TASK PROMPT:
Could you transcribe the entries below exactly, without any of the pictures?

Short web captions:
◆ ◆ ◆

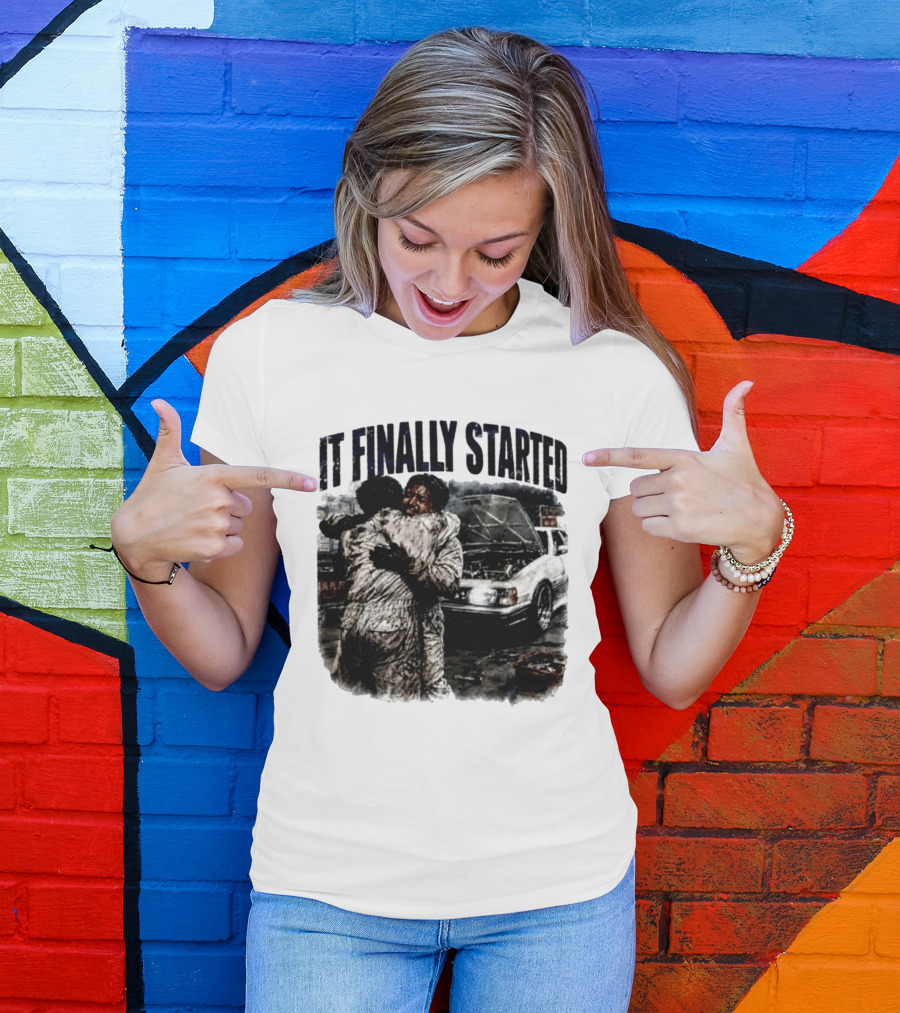 It Finally Started Junkiez Network Car Enthusiast Hugging Mechanics T-Shirt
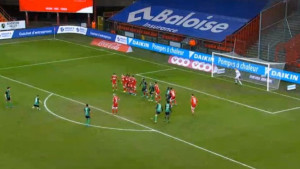 Igra u životnoj formi: Spektakularan gol Dine Hotića iz slobodnjaka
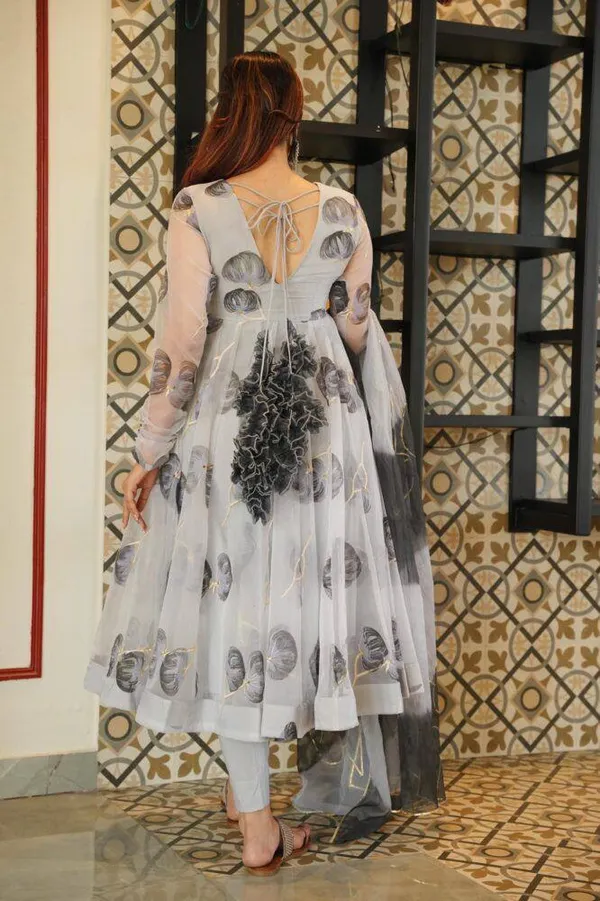Classic_Black_floral_Organza_Gown
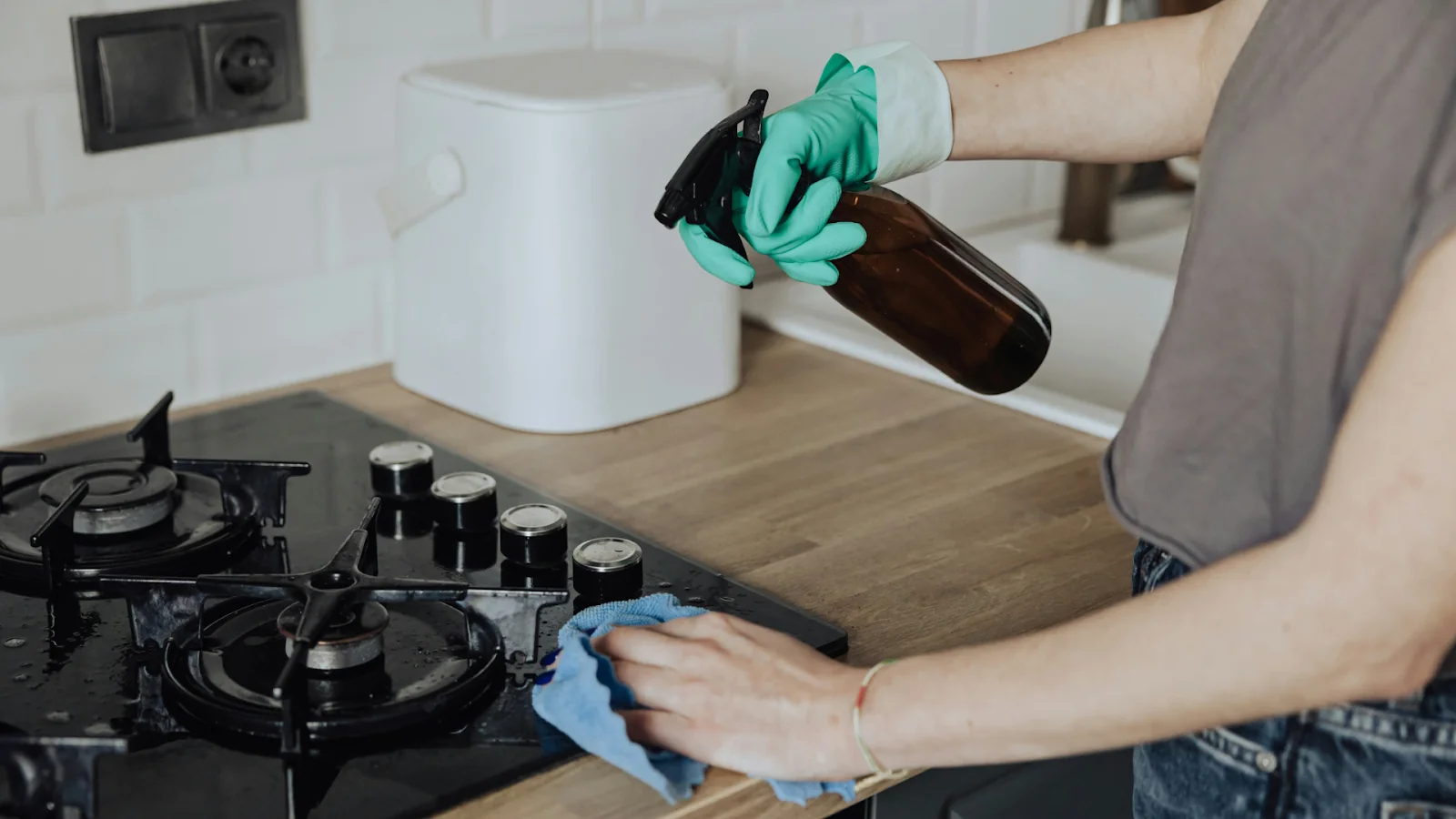 Gas Stove Cleaning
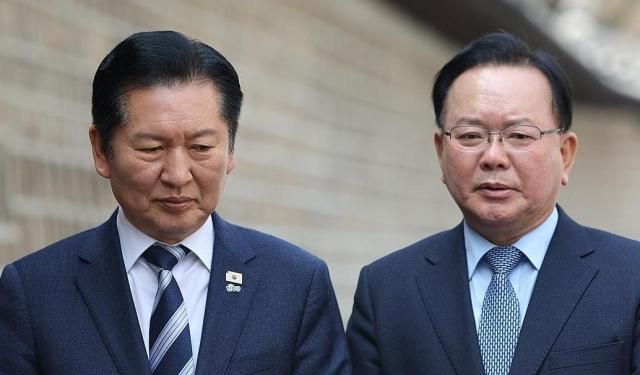 정청래 더불어민주당 대표와 김부겸 전 국무총리가 26일 서울 중구 달개비에서 회동을 마친 뒤 취재진에게 내용을 설명하고 있다 사진연합뉴스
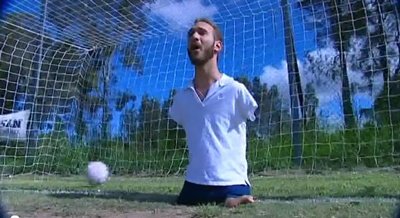 _RB_Ash's tweet image. Meslier playing for Leeds United. "He's still young" #LUFC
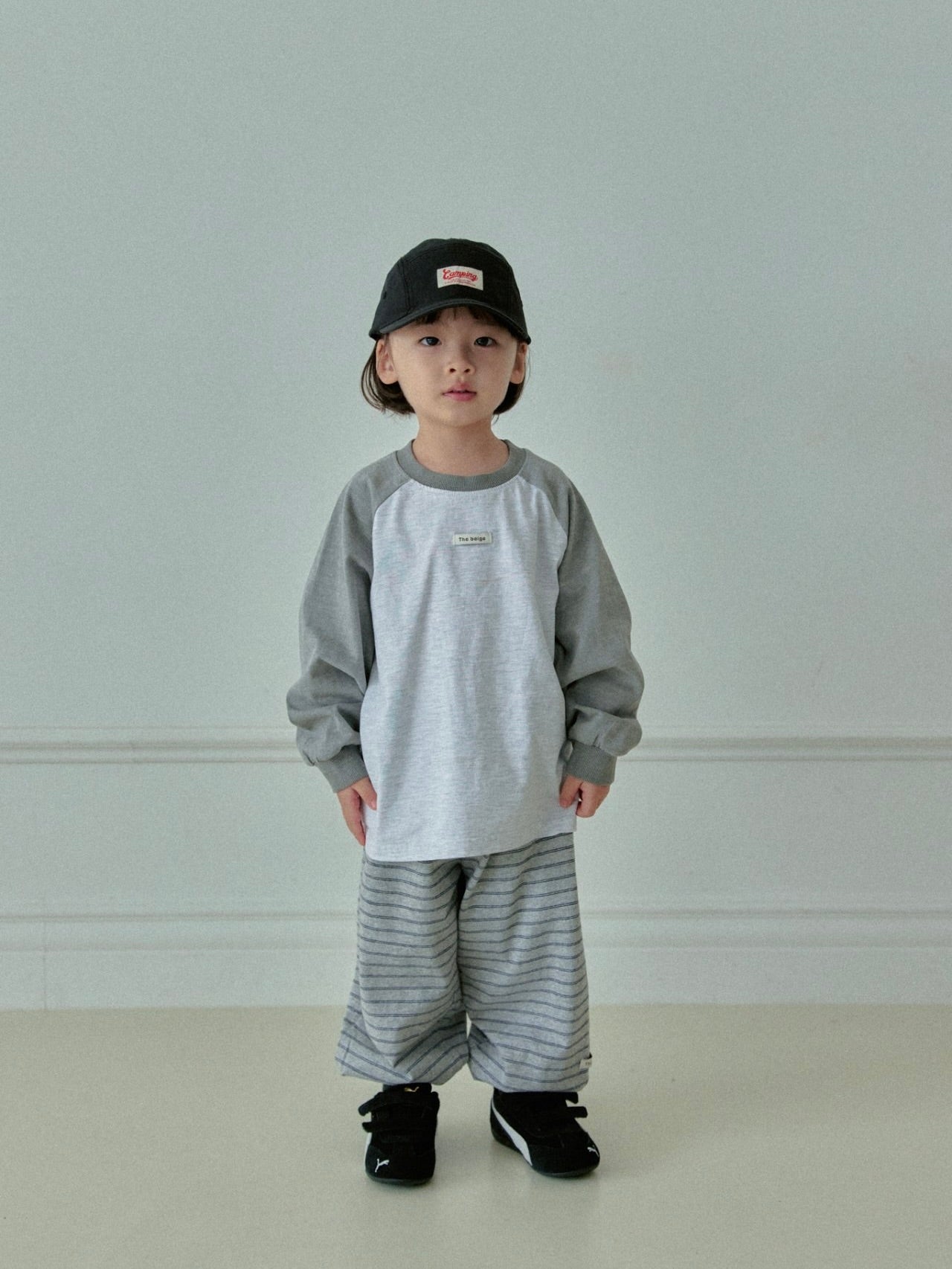 Single raglan sleeve T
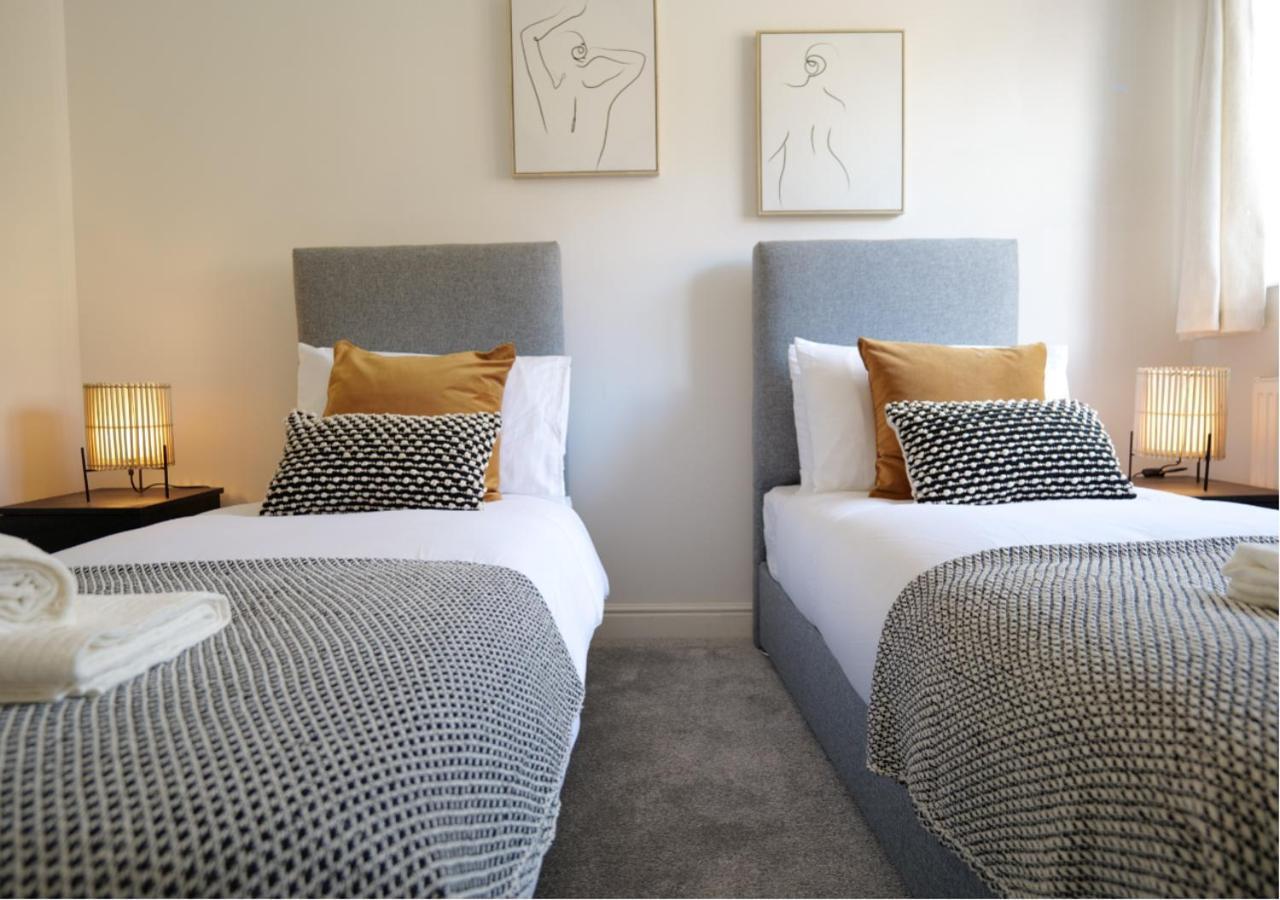 Modern Spark Home With Parking, Garden, Wi-Fi Birmingham Exteriér fotografie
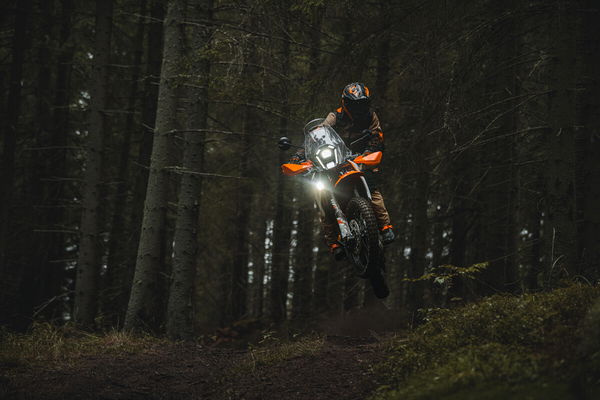 390 Adventure R flying through the air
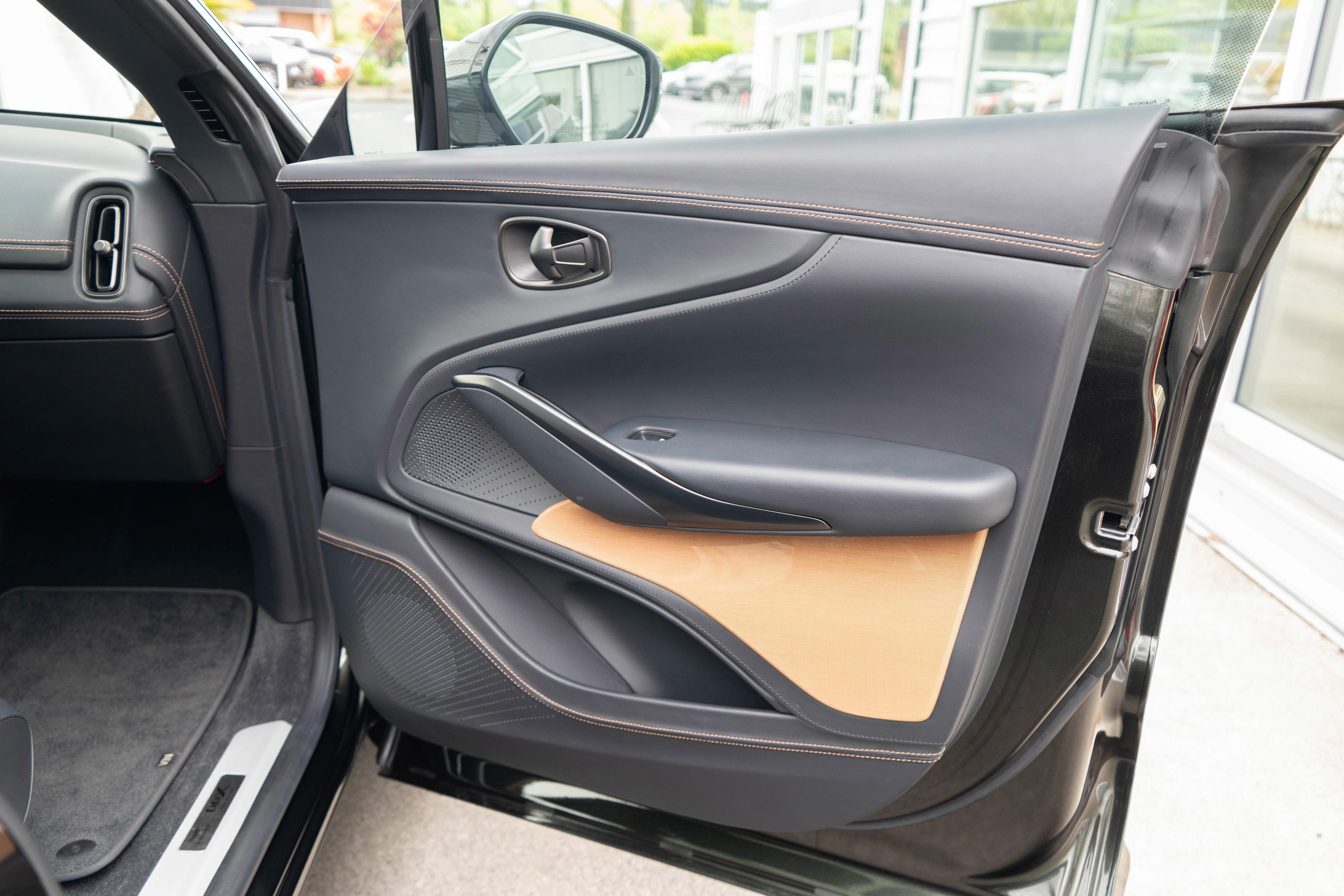 Used 2023 Aston Martin DBX 707 AWD/4WD image 30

◆ ◆ ◆

WRITTEN SOLUTION:
 It Finally Started Junkiez Network Car Enthusiast Hugging Mechanics T-Shirt
 Igra u životnoj formi: Spektakularan gol Dine Hotića iz slobodnjaka
Classic_Black_floral_Organza_Gown
 Gas Stove Cleaning
 정청래 더불어민주당 대표와 김부겸 전 국무총리가 26일 서울 중구 달개비에서 회동을 마친 뒤 취재진에게 내용을 설명하고 있다 사진연합뉴스
 _RB_Ash's tweet image. Meslier playing for Leeds United. "He's still young" #LUFC
 Single raglan sleeve T
 Modern Spark Home With Parking, Garden, Wi-Fi Birmingham Exteriér fotografie
 390 Adventure R flying through the air
 Used 2023 Aston Martin DBX 707 AWD/4WD image 30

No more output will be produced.